(Feb. 2/15)


About How Great is the Holy Righteous Symeon and How Essential for Us His Prayer


        Brothers and sisters!


        Today is the great feast of the Meeting of the Lord.  At every Vespers service the Holy Church reminds us of this feast at the reading of the beloved prayer, “Now lettest Thou Thy servant depart in peace, O Master.”  This prayer is the entreaty of the righteous Symeon, the chief human help-fellow of the events we are celebrating.  In it, Saint Symeon expresses his gratitude to God for permitting him to behold the Saviour of the world, and begs his Creator to allow him to depart this life in tranquility, since he had obtained the ultimate assurance that Deliverance had arrived for his soul and the entire human race.

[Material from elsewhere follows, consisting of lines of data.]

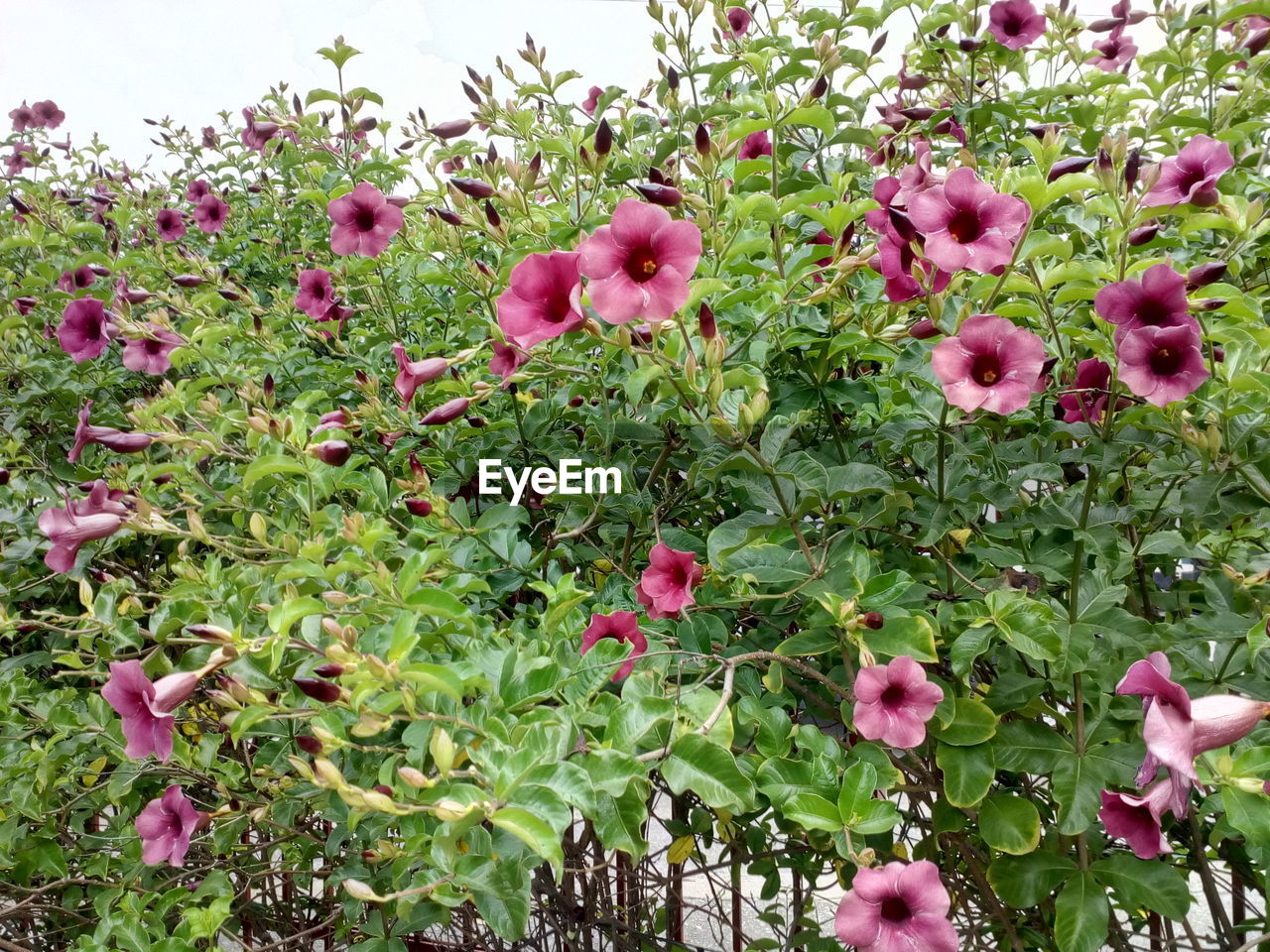 PINK FLOWERS GROWING ON PLANT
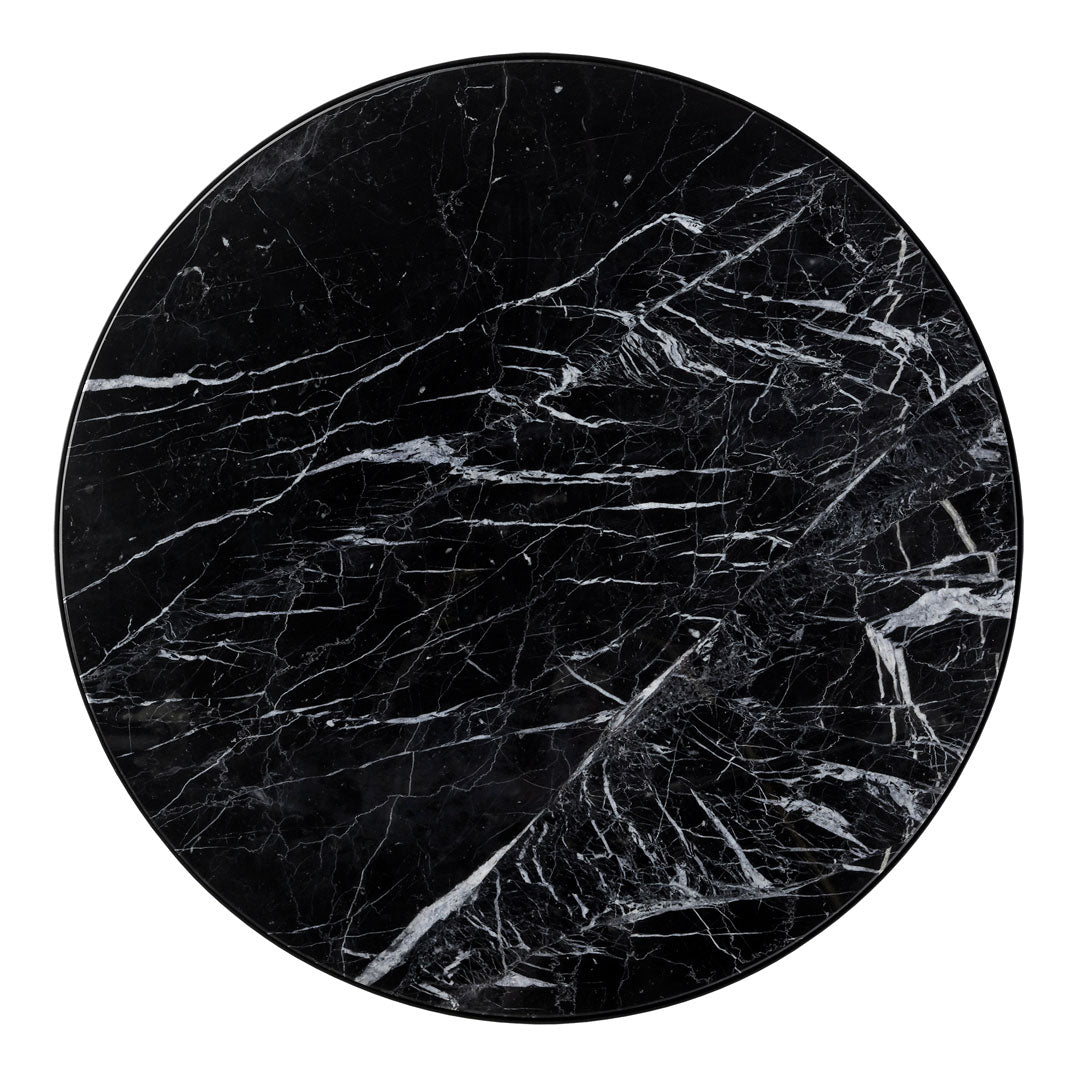 Pausillus Coffee Table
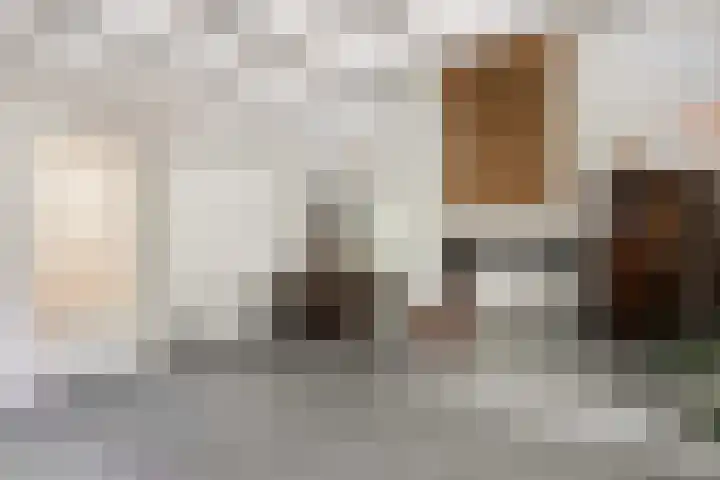 Pieterskerkhof 20 A Utrecht thumbnail 5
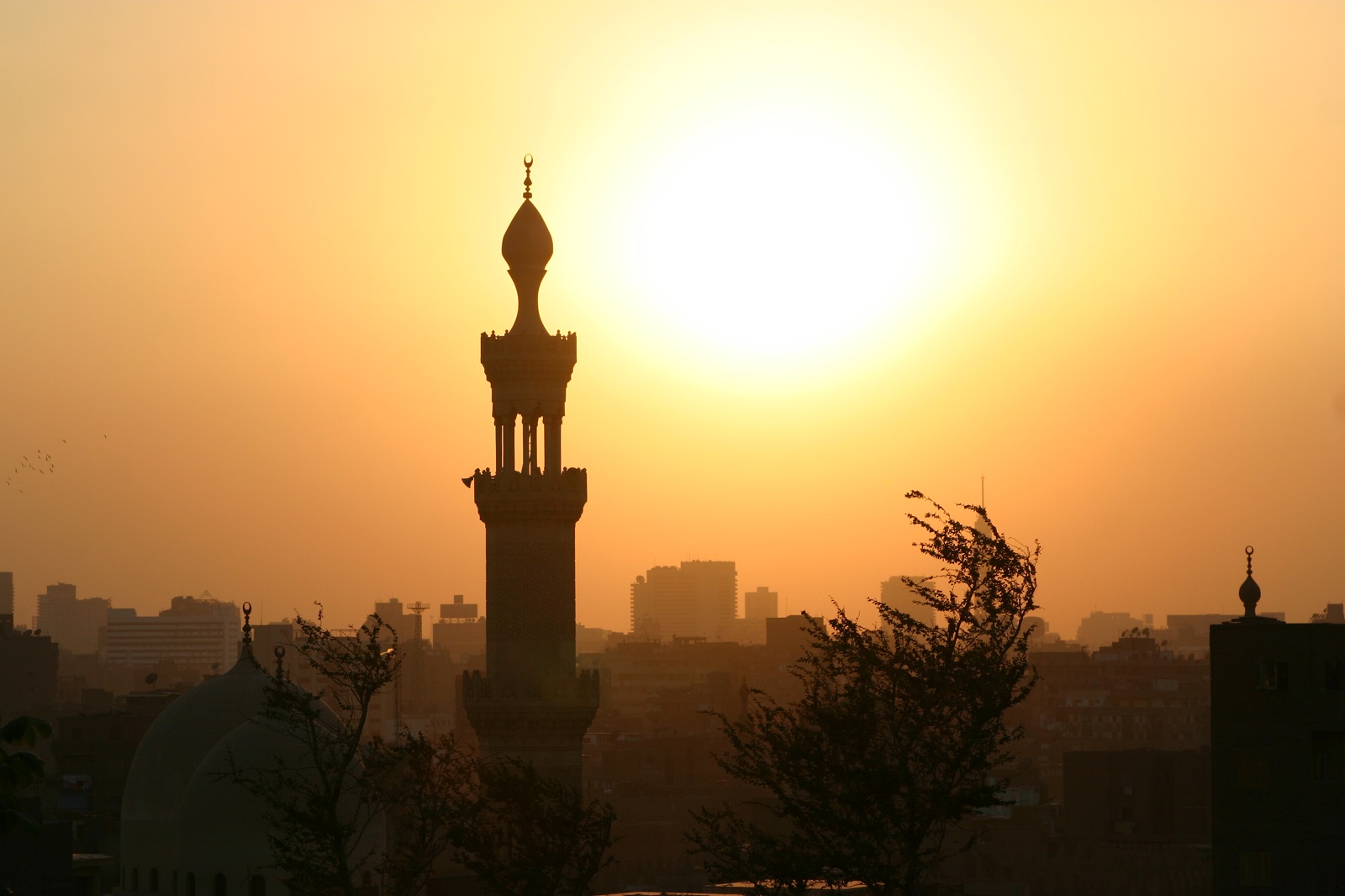 Viaje a Egipto | Mi Mundo Travel Planner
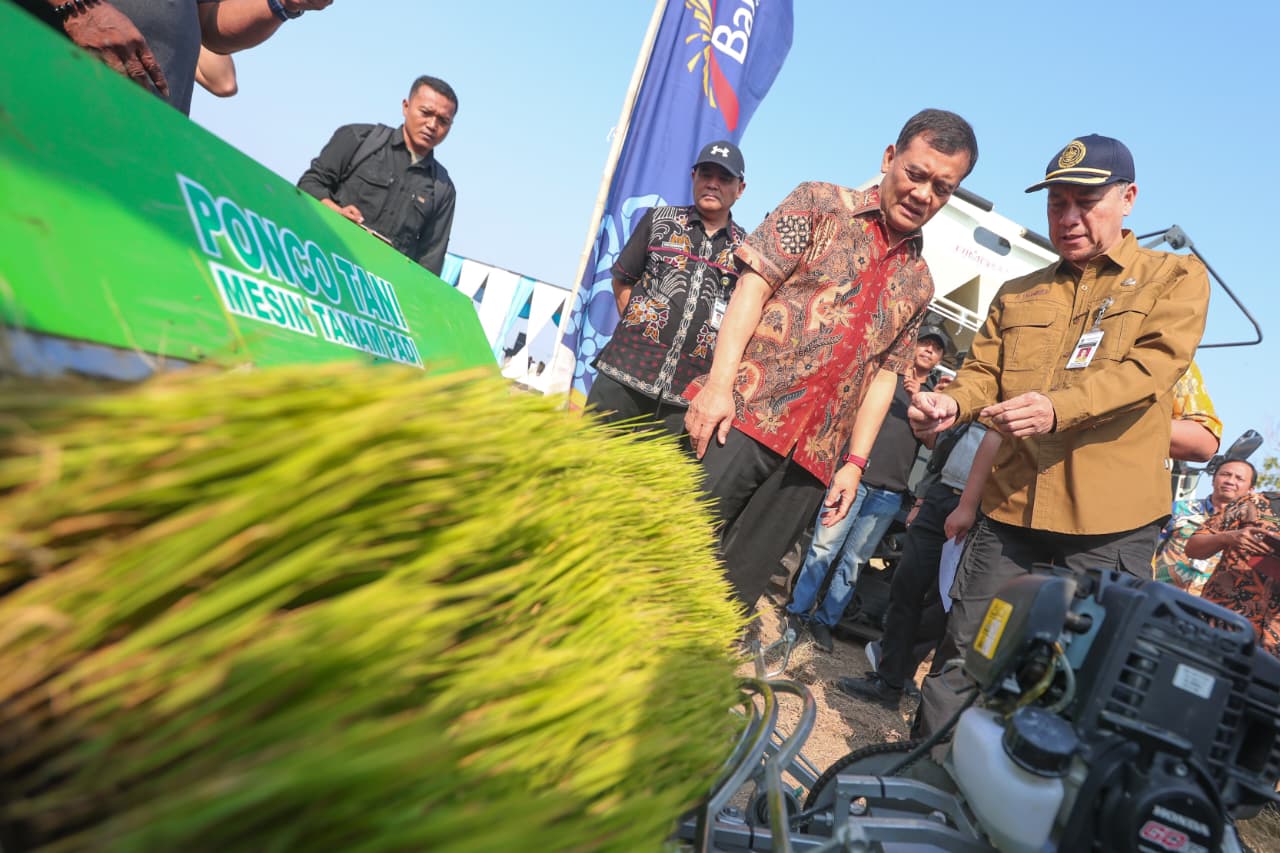 Produksi Padi Jateng Capai 6,69 Juta Ton, Gubernur Optimistis Target Tercapai 
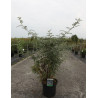 RUBUS thibetanus (Ronce ornementale du Tibet) En pot de 10-12 litres forme buisson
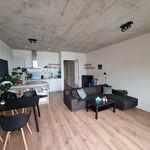 Rent 2 bedroom apartment of 65 m² in Noordelijke IJ-oevers-West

        All of you, dear brothers and sisters, are familiar with the story of the Meeting of the Lord, having heard and read the Gospel account of it many times.  Therefore, I will not delay with repeating what you already know very well.  But what most of you probably do not know is how great the righteous Symeon is before God, and that he stands at the very front of the choir of saints before the throne of the Almighty.  To convince you of the truth of this, I would like to read you something I translated not long ago from Saint Demetrius of Rostov’s Great Collection of the Lives of the Saints.  It is found in the soon-to-be-published June volume, under the twelfth day, in the Life of Our Venerable Father Peter, the initiator of monasticism on Mount Athos.  Saint Peter was a commander in the Byzantine Army during the Ninth Century, and this is the story in his Life that relates to Saint Symeon: 

        “Once Peter was sent on campaign to Syria with other commanders and their troops.  The Greek army was defeated, and Peter was captured and taken to the Arab city of Samarra, located on the Euphrates River.  With many other prisoners, he was cast into a dungeon and loaded with heavy iron chains.  While sitting in bonds, Peter examined his conscience and remembered that he had often considered renouncing the world and had even promised to become a monk.  He understood that it was because of his failure to carry out this good intention quickly that God had permitted him to fall into captivity and to be visited by suffering.  As a result, he wept and moaned bitterly, repenting of his heedlessness and reproaching himself with the acknowledgment that he deserved misfortune.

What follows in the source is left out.